[Task to complete]
Taking the data below, please print only the lines from the line holding "realistic embroidered logo" to the line holding "Color Illustration Icon", inclusive, with pictures omitted.
Records shown: Begin
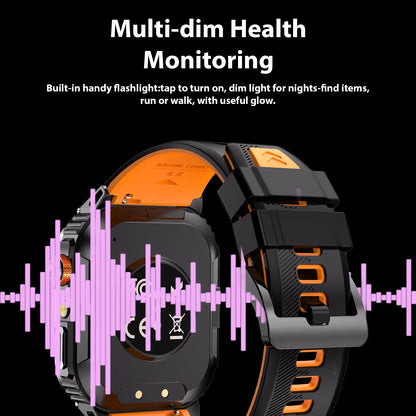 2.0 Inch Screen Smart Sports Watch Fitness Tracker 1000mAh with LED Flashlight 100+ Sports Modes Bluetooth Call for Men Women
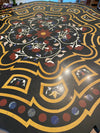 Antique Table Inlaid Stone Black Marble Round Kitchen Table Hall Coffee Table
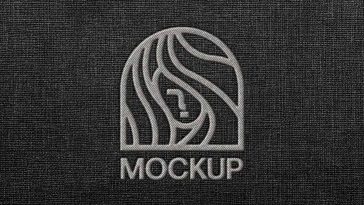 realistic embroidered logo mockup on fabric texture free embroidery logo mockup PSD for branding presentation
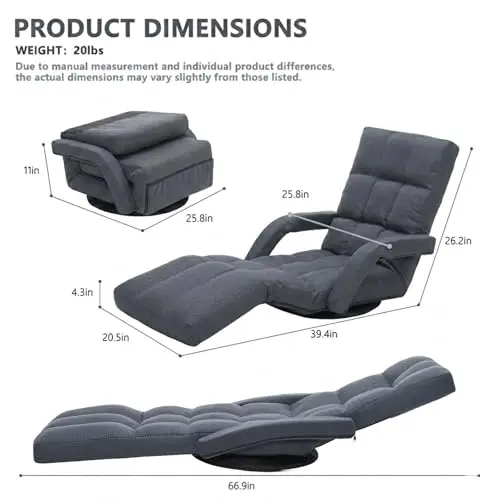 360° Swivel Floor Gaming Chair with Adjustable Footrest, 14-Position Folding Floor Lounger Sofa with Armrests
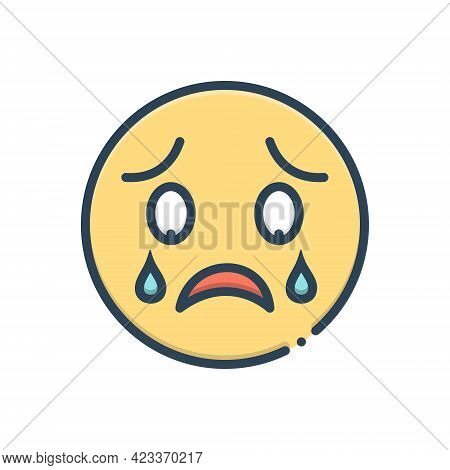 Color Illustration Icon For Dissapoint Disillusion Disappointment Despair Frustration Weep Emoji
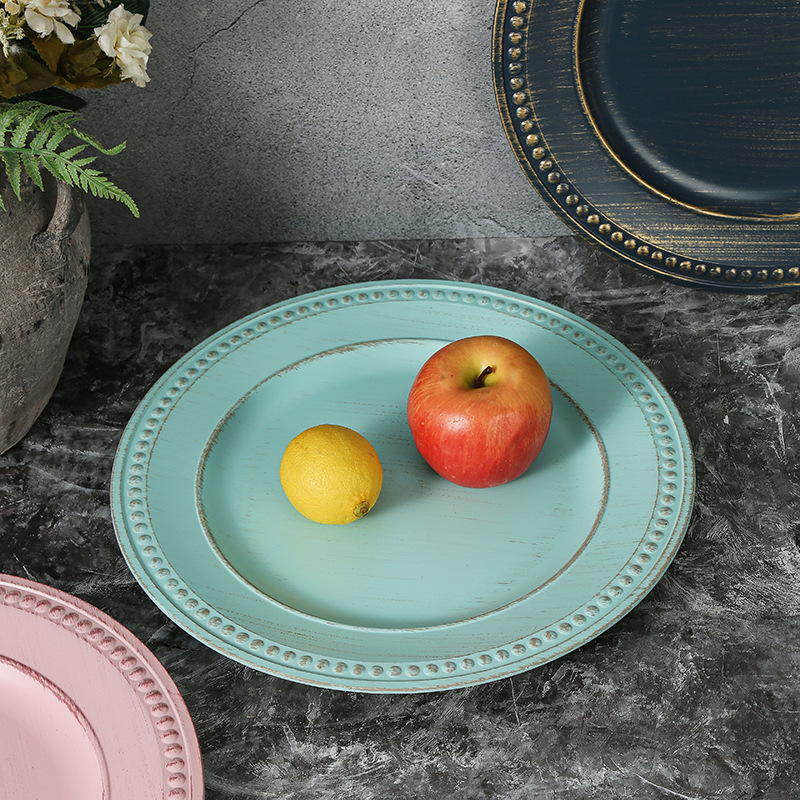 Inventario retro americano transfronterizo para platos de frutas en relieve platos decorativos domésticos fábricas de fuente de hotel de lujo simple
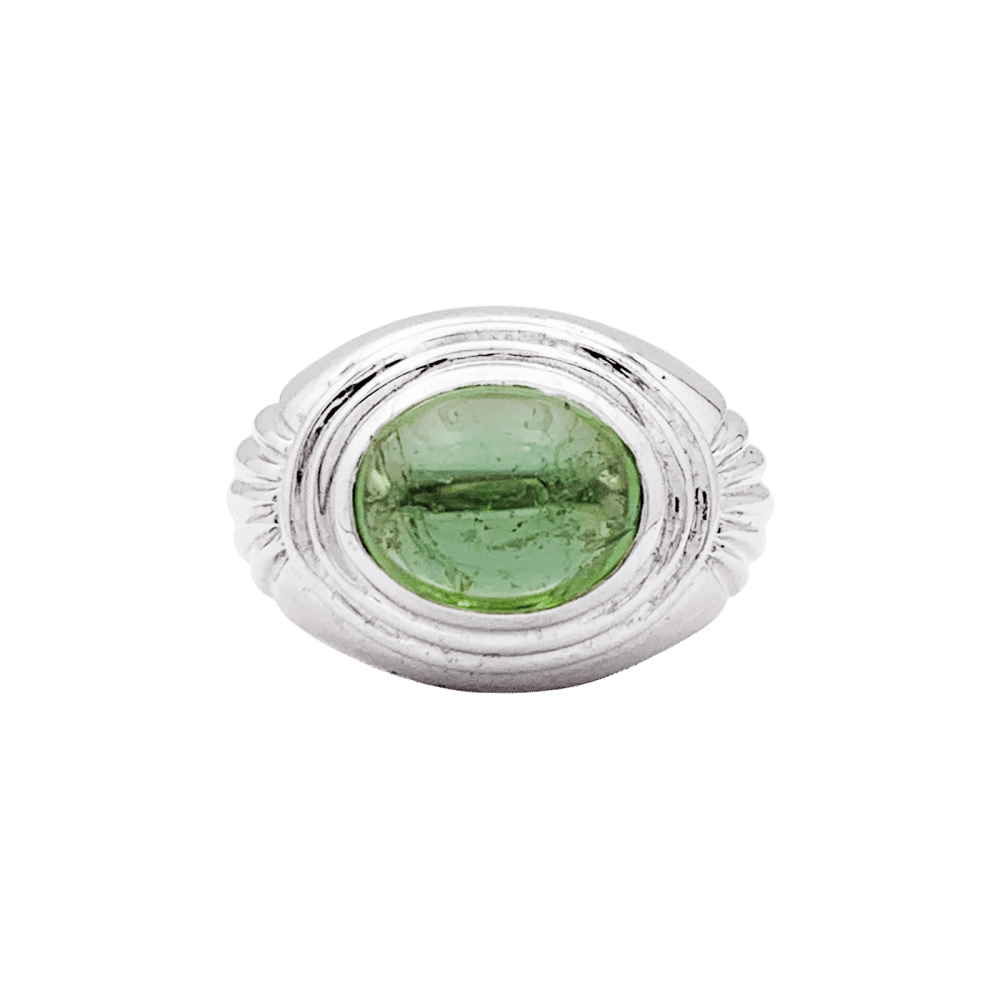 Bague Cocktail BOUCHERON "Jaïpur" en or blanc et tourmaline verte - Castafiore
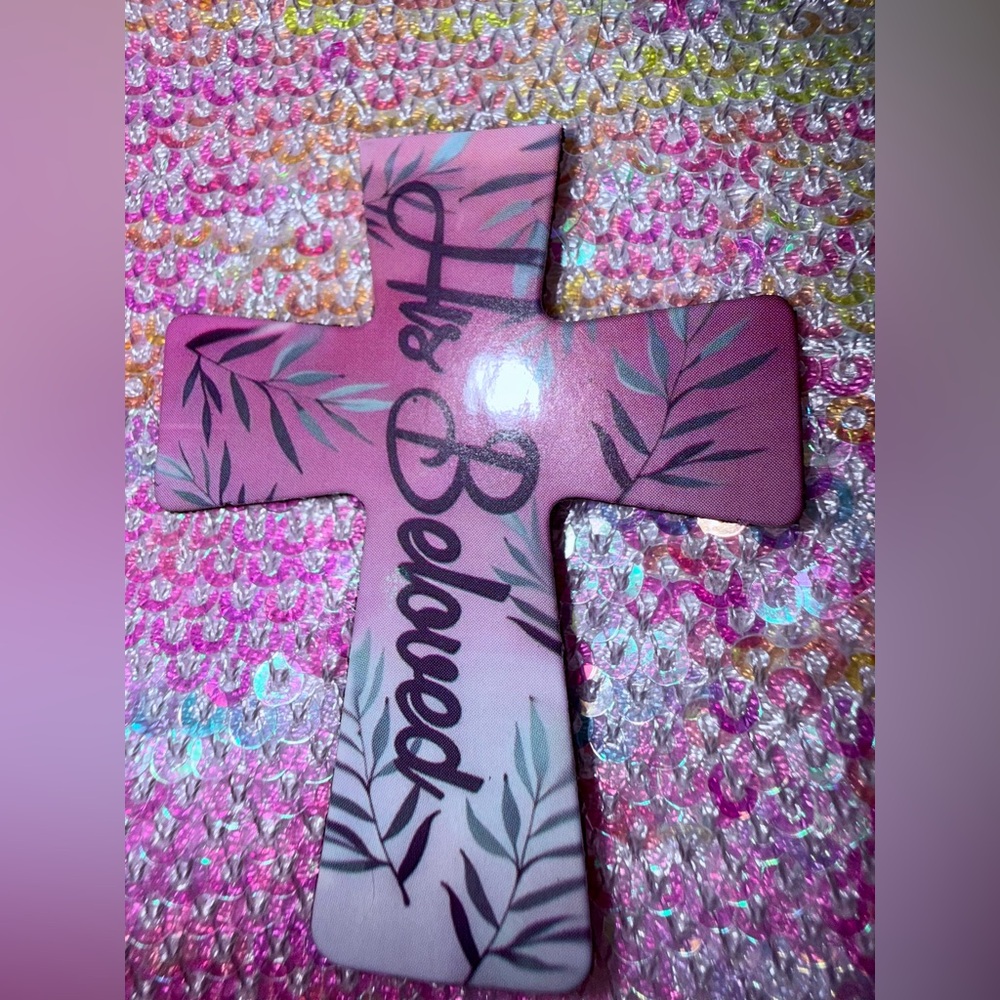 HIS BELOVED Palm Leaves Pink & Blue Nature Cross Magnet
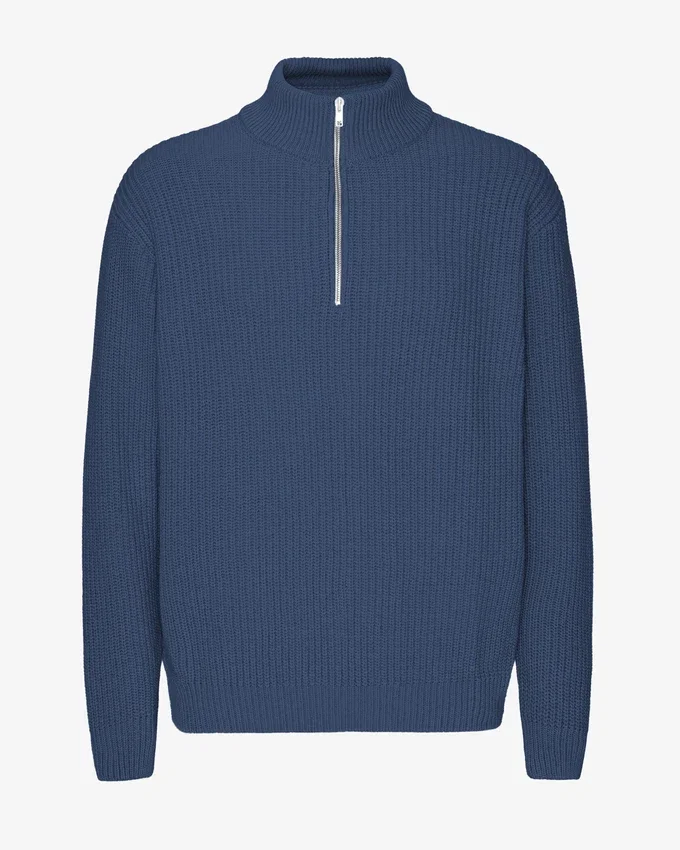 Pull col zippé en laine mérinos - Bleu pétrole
Records shown: End
[Output of the exercise]
 realistic embroidered logo mockup on fabric texture free embroidery logo mockup PSD for branding presentation
 360° Swivel Floor Gaming Chair with Adjustable Footrest, 14-Position Folding Floor Lounger Sofa with Armrests
 Color Illustration Icon For Dissapoint Disillusion Disappointment Despair Frustration Weep Emoji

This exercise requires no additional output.